What makes Via Science’s approach to predictive analytics different?
At Via Science, we do more than just make predictions. Using Focus™, we detect anomalies and infer cause and effect relationships to help clients choose the best action to minimize risks. We automate our analysis using Big Math, so it’s faster, repeatable and you don’t need an army of specialists.
What does the term Big Math mean?
Big Math is Bayesian mathematics (the Math) optimized on a massively parallel supercomputer (the Big). We use Big Math to analyze big, diverse and sparse data to predict what might happen in the future and how you can accelerate or attenuate potential outcomes.

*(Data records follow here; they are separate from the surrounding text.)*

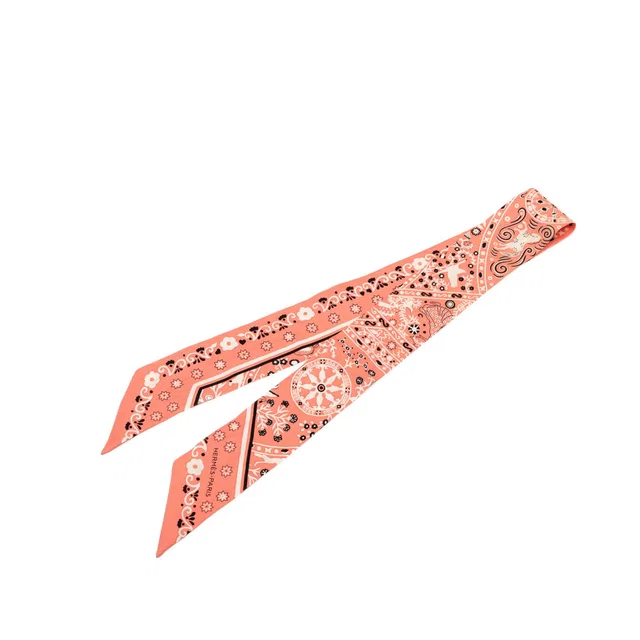 Pink Hermès Peuple du Vent Bandana Twilly Silk Scarf Scarves in Pink Silk from Designer Revival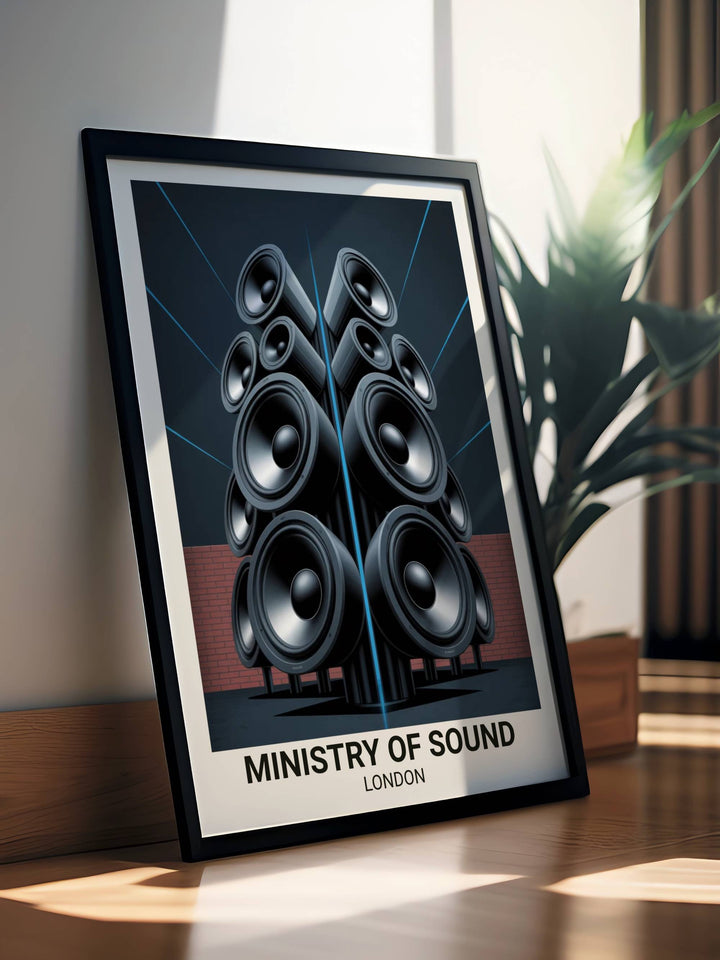 Minimalist Ministry of Sound London poster for modern home decor, showing the symmetrical industrial speaker stacks and bold sans-serif typography on a cream background.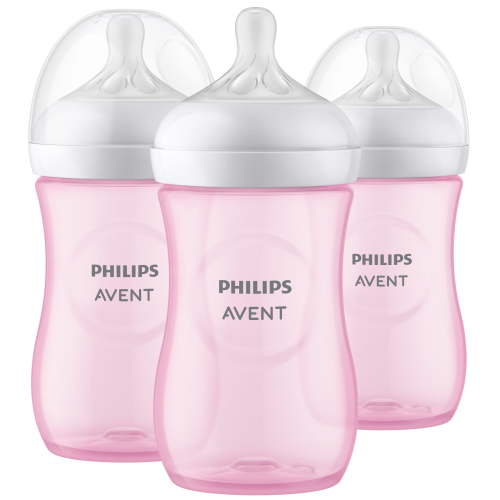 Avent 3-Pack Ergonomic Natural Wide-Neck Bottles (9 oz.) - Anti-Colic, Easy Latch, Pink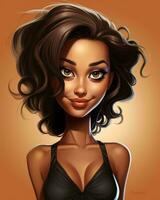 ett illustration av en kvinna med brun hår och stor ögon generativ ai foto
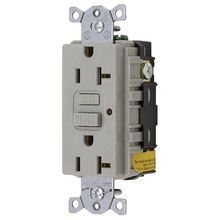 Wiring Device-Kellems Circuit Guard® GF20GYLA Heavy Duty Self-Grounding Staple GFCI Receptacle With LED Indicator, 125 VAC, 20 A, 2 Pole, 3 Wires, Gray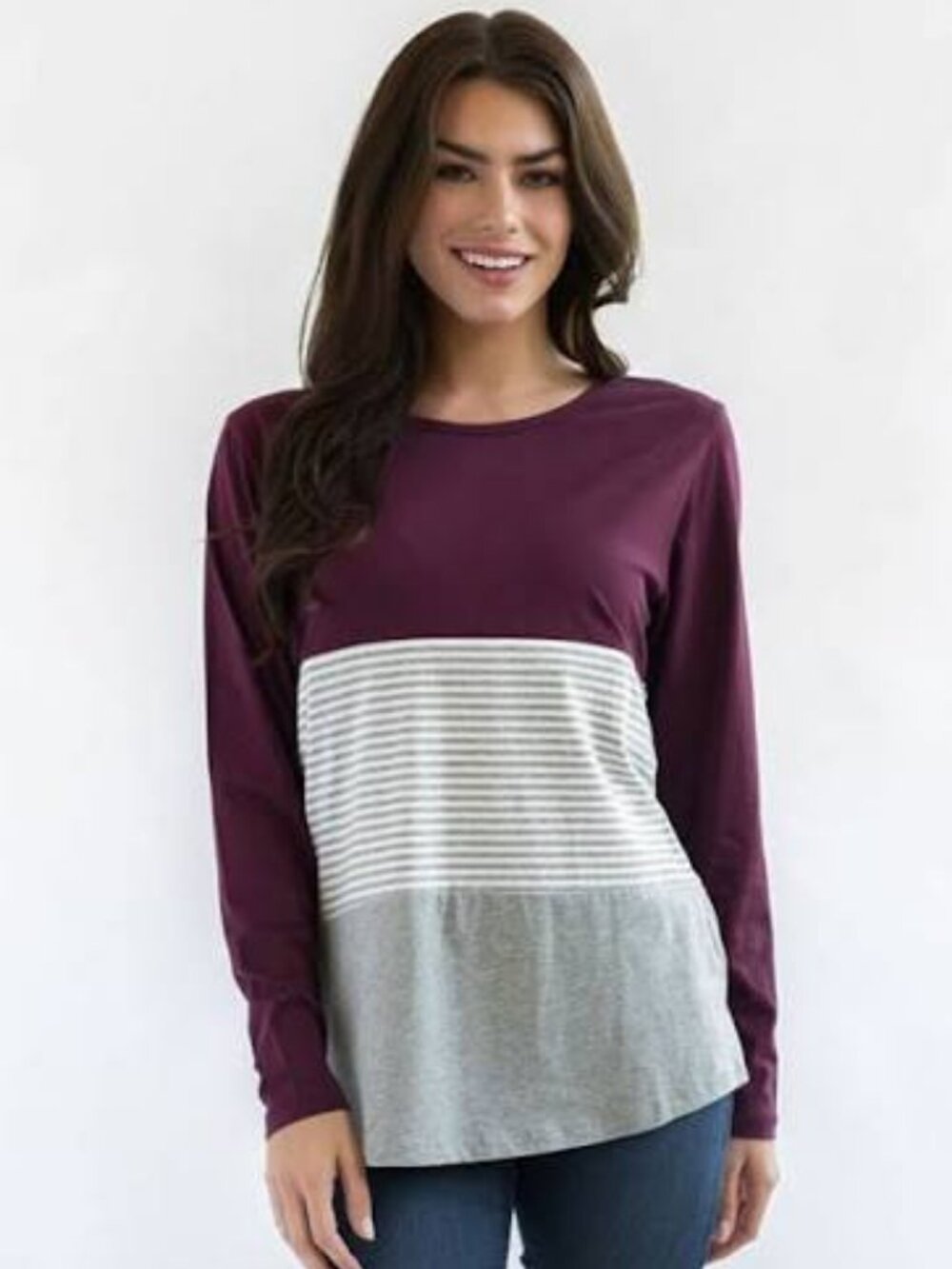 Nursing Queen Maroon Color Block Long Sleeve Tee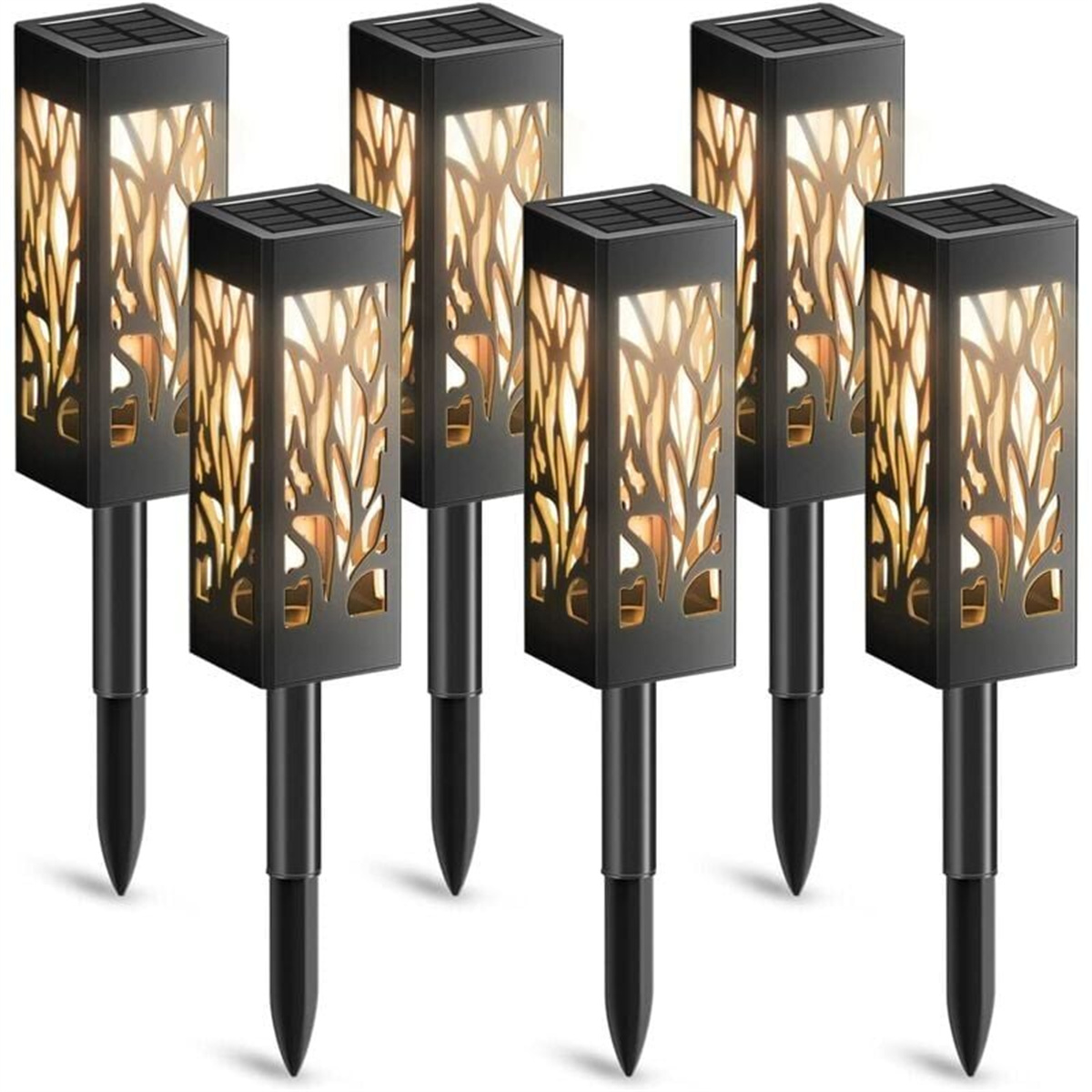 Sechs schwarze Solarleuchten für den Außenbereich mit dekorativem blattartigen Design auf weißem Hintergrund.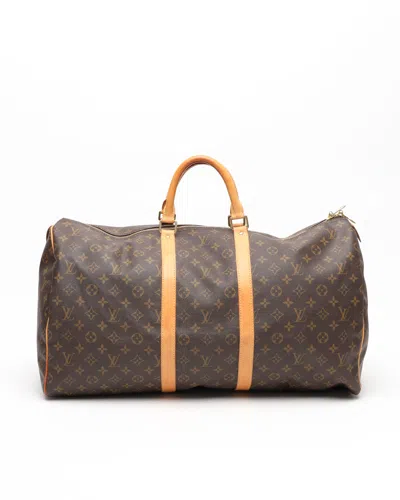 Pre-owned Louis Vuitton Monogram Keepall 55 Weekend Bag In Brown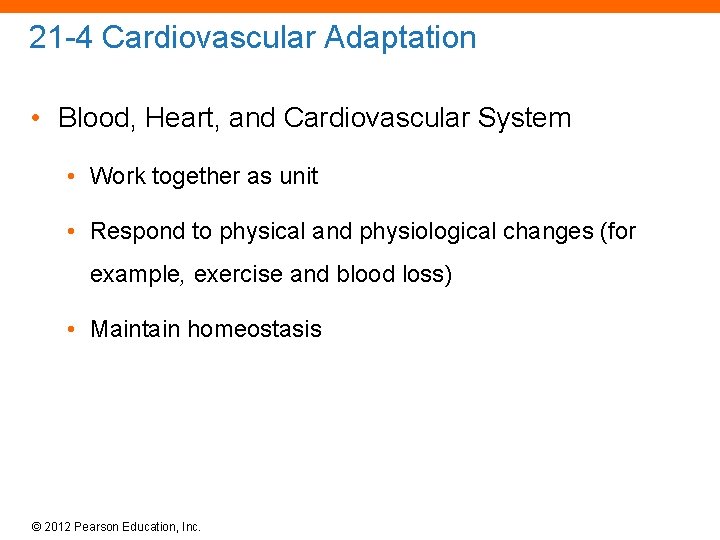 21 -4 Cardiovascular Adaptation • Blood, Heart, and Cardiovascular System • Work together as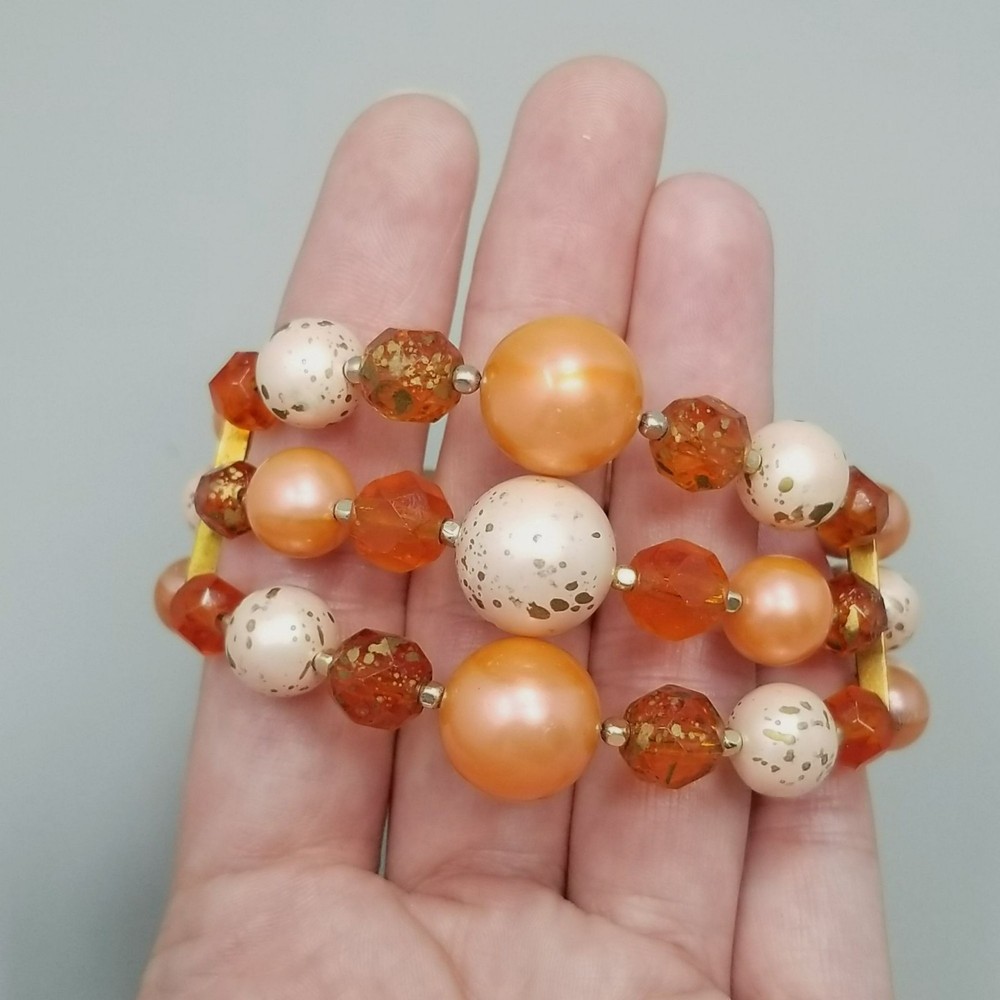 Vintage Orange Plastic Beaded Bangle Bracelet Cuff Memory Wire Three Row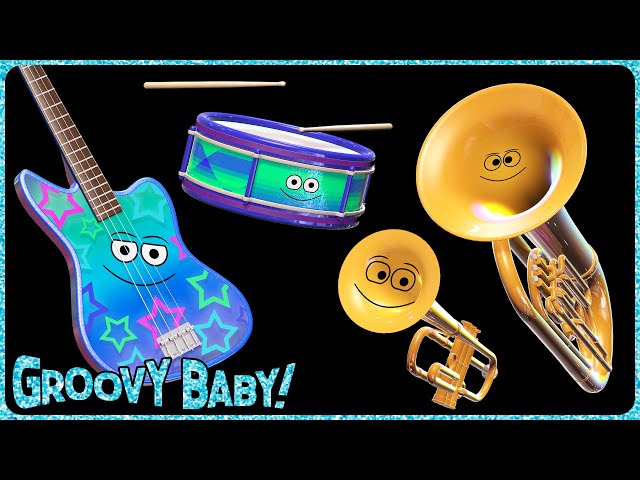 Funk! – Baby Sensory Music Video – Colorful Animated Instruments Playing Snazzy Music class=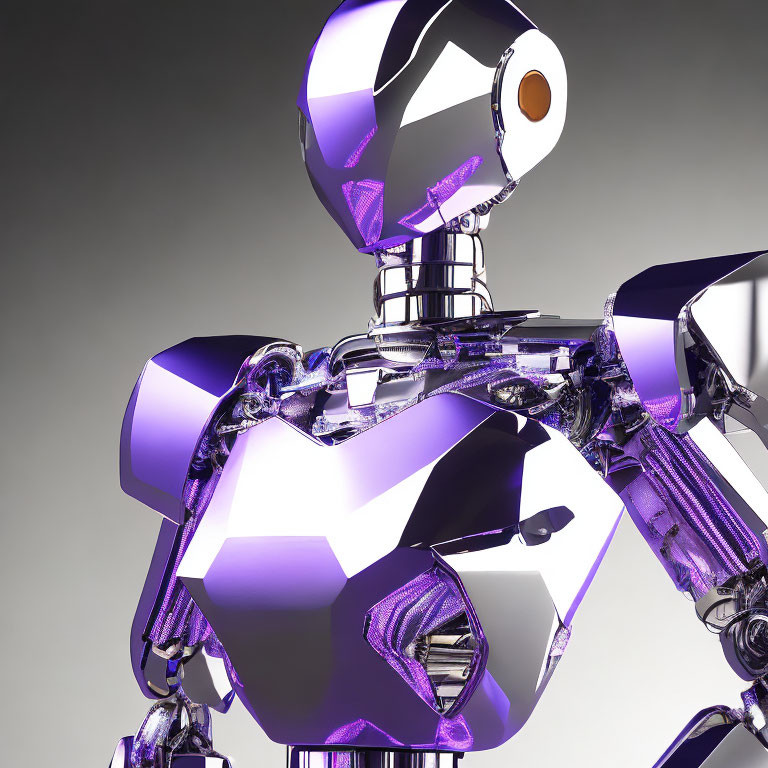 Shiny metallic purple humanoid robot with intricate mechanical joints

What are the benefits of using Bayesian mathematics?
We use two types of Bayesian mathematics: statistics and networks. Recent studies have shown that Bayesian statistics is a proven way to solve for the problem of overfitting. Bayesian networks excels when you want to determine cause and effect relationships between data (rather than just correlations), and understand what you can do differently to achieve new outcomes.
If Bayesian mathematics is so good, why doesn’t everyone use it?
Other companies are starting to use Bayesian mathematics. But, there are two key reasons this approach is not more common: the limited number of Bayesian experts, and the big computing power required. We developed our platform so you don’t have to be a Bayesian expert or have access to big computer to use this approach.